Problem description: The reply should consist of one number, the count of lines below in which the word "photo" appears.

Extracted data entries
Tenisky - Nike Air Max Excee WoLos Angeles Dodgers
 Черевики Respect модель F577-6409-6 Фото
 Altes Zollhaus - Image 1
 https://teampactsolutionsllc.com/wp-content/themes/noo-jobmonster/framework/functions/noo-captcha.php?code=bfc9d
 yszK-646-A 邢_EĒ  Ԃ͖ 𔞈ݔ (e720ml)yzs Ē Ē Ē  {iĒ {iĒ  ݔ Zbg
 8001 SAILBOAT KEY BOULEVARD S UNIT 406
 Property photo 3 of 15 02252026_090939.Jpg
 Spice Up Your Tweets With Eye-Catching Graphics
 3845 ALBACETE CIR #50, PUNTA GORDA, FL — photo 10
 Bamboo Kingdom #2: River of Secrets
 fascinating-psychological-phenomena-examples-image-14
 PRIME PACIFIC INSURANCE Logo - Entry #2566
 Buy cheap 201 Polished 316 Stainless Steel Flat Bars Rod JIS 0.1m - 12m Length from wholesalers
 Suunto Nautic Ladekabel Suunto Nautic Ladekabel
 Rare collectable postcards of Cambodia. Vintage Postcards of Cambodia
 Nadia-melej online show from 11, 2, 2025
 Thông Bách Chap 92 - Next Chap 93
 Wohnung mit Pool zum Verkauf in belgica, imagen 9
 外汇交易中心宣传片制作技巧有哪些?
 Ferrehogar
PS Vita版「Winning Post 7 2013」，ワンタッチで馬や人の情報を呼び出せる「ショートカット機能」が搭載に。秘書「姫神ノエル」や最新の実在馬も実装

The answer: 2